Pintura La Ciudad de La Palma
El año 1973 fue decisivo en la historia de La Palma. En este año, llegó de San Salvador el pintor Fernando Llort. Llort, ahora artista conocido en todo El Salvador, e internacionalmente, nació en San Salvador en 1949, el tercer de 6 hermanos. Desde el principio le gustaba dibujar, cómo dice el mismo “desde pequeño me gustaron los trabajos manuales y en el colegio siempre me ponían a dibujar los mapas en la pizarra.” Estudió en el Liceo Salvadoreño, donde obtuvo su bachillerato, y se matriculó en la Universidad del El Salvador para estudiar arquitectura. De allí su vida tomaría una dirección más internacional-global, y más enfocada en el arte.
En 1968 Fernando estaba estudiando en Francia cuando se enamoró decisivamente del arte. Se dedicó al arte, estudiando en Bélgica, y luego en la Universidad de Baton Rouge, Louisiana.
A su regreso al país en 1973, decidió mudarse y vivir en La Palma. De esa decisión, Llort explica, “decidí irme a vivir allí porque era lugar que desde pequeño me atraía mucho y donde íbamos con mi familia a pasar las vacaciones. Su ambiente de alpes me sirvió para inspirarme.” Cuando Llort se encontró en La Palma, se unió dos cosas, el dibujo y el ambiente de La Palma, que en su sinergia inspiró el desarrollo de la artesanía, con su propia estética: Estilo Palmeño.
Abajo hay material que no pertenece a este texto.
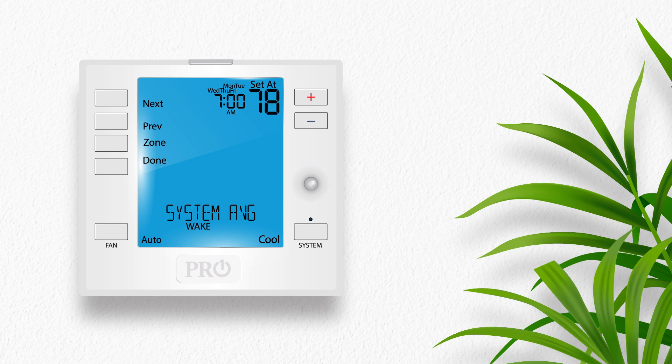To edit the heat set point for the same time period, press the system mode button. The system mode now indicates heat and the heat set point appears. When you have multiple indoor remote sensors connected, the zone button will appear next to the ambient temperature field and the thermostat will display the name of the sensor in control for the selected time period. The default for each time period is system average. Press the zone button to cycle through the available indoor remote sensors to select a single location as the control point for the entire home, or keep it at system average to average all of the remote sensors together. Once you have selected the desired start time, set points, fan mode, and control point for the wake time period for Monday through Friday, press next.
Alrededor de Llort, desde su llegada en La Palma, creció un pequeño grupo de artistas, quienes en este mismo año de 1973 formaron una comuna artística, que se convertiría en el primer taller artesano de La Palma. Al principio trabajando en madera, pronto vino el descubrimiento de la semilla de copinol como materia prima, ahora uno de los componentes del arte Palmeño más conocido. Decidieron entonces nombrar a su taller La Semilla de Dios. Se legalizó como cooperativa en 1977, y Llort siguió trabajando allí hasta 1979.
La Semilla de Dios durante los 70 funcionó no solo como el primer taller artesanal, sino también como fuente de trabajo, capacitación e inspiración para los jóvenes trabajando allí. A mediados de los 70, estos jóvenes empezaron a formar sus propios talleres. Al llegar a 1980 había alrededor de 14 talleres. El estilo ha cambiado y sigue evolucionando, sin perder de vista el patrimonio cultural. Hoy en día, La Palma cuenta con alrededor de 100 talleres en casco urbano, y unos 35 en el área rural. Este es el gran impacto de un hombre visionario en un pueblo entero.